За столом сидели двое мужчин, одного он сразу признал, хотя прежде никогда не видел. Он слышал о нем, и то, что говорили, полностью совпало с тем, что открылось его глазам. У этого человека была характерная внешность — круглый обритый череп с высоким лбом, смуглое, в черноту, лицо с правильными, четкими линиями, и одет он был в рубашку с галстуком и красный пиджак, как одеваются биржевые игроки; но все это потеряло всякое значение, когда Шахов столкнулся с прямым суровым взглядом и ощутил движение мрачной силы, объявшей его, спеленавшей, погрузившей в оцепенение. Это был, конечно, Никита Архангельский, никем иным он не мог быть.

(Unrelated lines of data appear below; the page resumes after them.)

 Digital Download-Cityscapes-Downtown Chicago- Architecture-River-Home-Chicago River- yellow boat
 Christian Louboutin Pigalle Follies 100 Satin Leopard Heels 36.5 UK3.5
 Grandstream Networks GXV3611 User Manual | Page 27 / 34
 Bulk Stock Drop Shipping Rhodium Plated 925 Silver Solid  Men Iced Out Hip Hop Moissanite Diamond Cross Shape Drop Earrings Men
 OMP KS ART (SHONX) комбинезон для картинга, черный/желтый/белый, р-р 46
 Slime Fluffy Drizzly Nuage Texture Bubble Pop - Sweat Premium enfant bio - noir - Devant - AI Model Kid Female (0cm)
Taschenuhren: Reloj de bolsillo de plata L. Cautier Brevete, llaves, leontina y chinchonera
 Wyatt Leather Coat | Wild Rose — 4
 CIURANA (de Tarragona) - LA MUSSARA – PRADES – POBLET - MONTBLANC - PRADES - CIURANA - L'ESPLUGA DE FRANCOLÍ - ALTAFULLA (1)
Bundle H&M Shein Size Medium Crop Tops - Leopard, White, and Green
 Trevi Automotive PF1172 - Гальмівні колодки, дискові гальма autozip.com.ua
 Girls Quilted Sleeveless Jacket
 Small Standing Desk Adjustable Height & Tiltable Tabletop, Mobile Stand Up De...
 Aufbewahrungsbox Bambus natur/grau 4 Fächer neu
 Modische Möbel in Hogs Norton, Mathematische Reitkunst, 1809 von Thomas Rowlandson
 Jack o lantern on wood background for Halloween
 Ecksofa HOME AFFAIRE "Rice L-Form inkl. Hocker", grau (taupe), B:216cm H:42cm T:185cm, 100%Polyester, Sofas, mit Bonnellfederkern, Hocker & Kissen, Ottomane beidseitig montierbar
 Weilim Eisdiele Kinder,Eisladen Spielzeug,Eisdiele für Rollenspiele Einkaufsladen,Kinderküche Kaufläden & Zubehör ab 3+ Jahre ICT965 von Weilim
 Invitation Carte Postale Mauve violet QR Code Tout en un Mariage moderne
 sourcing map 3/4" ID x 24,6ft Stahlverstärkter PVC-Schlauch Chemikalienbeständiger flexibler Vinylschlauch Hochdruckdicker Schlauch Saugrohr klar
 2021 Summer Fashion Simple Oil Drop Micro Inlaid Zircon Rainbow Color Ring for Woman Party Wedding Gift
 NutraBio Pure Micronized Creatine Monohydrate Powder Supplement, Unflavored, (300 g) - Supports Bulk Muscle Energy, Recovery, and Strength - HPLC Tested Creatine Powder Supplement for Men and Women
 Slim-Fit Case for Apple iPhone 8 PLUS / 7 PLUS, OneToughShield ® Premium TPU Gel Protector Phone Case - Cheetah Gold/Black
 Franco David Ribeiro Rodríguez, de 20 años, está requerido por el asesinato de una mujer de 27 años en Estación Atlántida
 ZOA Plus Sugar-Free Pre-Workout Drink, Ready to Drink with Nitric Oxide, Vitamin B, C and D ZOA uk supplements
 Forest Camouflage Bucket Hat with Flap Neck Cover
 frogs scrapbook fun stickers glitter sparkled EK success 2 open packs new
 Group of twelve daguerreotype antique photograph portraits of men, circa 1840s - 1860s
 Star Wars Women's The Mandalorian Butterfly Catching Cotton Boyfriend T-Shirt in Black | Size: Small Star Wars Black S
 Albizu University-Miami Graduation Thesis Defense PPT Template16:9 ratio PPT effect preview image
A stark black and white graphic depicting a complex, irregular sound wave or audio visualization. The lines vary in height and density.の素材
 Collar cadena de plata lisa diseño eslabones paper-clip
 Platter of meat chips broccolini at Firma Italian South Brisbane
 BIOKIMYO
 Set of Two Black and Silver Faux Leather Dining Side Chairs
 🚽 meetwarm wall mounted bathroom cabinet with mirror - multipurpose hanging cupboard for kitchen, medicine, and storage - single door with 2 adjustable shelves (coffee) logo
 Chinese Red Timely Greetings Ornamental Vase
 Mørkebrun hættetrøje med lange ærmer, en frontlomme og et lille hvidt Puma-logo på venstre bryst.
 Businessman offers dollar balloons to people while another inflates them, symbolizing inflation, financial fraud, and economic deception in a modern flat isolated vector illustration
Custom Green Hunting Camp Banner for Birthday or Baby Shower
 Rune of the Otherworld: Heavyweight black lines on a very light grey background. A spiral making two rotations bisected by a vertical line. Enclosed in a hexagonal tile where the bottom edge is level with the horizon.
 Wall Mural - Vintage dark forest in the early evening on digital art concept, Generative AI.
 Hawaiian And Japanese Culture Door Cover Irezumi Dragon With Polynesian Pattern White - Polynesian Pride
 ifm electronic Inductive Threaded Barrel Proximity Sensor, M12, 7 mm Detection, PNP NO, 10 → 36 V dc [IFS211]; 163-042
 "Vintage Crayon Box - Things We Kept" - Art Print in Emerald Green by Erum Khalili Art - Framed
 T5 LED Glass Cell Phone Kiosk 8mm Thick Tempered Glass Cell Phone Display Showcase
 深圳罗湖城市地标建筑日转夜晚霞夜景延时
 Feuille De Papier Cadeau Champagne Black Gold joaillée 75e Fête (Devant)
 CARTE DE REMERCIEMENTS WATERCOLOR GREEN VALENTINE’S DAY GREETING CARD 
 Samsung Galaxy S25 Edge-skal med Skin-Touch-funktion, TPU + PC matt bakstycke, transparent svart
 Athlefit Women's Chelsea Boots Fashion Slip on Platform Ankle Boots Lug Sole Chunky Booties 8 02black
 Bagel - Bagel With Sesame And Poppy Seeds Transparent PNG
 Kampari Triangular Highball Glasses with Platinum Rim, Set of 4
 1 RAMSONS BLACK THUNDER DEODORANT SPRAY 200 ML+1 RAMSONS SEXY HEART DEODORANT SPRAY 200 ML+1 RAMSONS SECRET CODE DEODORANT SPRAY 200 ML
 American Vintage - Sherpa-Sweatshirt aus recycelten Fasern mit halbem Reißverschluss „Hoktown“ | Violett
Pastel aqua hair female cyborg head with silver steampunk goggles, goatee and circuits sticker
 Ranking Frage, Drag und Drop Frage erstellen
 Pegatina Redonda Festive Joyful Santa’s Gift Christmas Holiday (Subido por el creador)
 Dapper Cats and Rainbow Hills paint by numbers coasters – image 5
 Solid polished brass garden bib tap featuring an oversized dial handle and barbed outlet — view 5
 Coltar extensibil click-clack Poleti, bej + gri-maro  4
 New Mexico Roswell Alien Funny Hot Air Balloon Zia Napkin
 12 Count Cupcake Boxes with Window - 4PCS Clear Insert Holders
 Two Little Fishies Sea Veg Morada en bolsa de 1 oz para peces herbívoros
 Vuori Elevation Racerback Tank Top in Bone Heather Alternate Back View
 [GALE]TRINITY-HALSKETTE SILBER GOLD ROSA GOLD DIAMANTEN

Второй мужчина рядом с ним казался совершенно неприметным, бросались в глаза лишь его тяжелые, массивные руки, упертые локтями в стол и сложенные домиком, как у премьер-министра на выборах.
— Проходи, Ленечка, — позвал Никита, брезгливо оттопыря пухлую губу. — Мы тебя надолго не займем.
На подламывающихся ногах Шахов добрался до стола и плюхнулся на табурет.
— Собой-то управляешь? — спросил Архангельский. — Или взбодрить?
— Вполне управляю, вполне, — заискивающе забормотал Шахов, каким-то не своим, писклявым голоском. — Ваши ребятки, Никита Павлович, вкололи чего-то, но уже прошло, совсем прошло. Я в полном порядке, спасибо!
Он старался увильнуть от пронизывающего взгляда чудовища, но это ему не удавалось. Он был скован незримой стальной цепью.
— Видишь, Хорек, — улыбчиво обратился Архангельский к своему напарнику. — Узнал. Они меня всегда узнают. Даже не пойму, в чем дело... Ладно, Леонид, подписывай бумаги, и закончим на этом.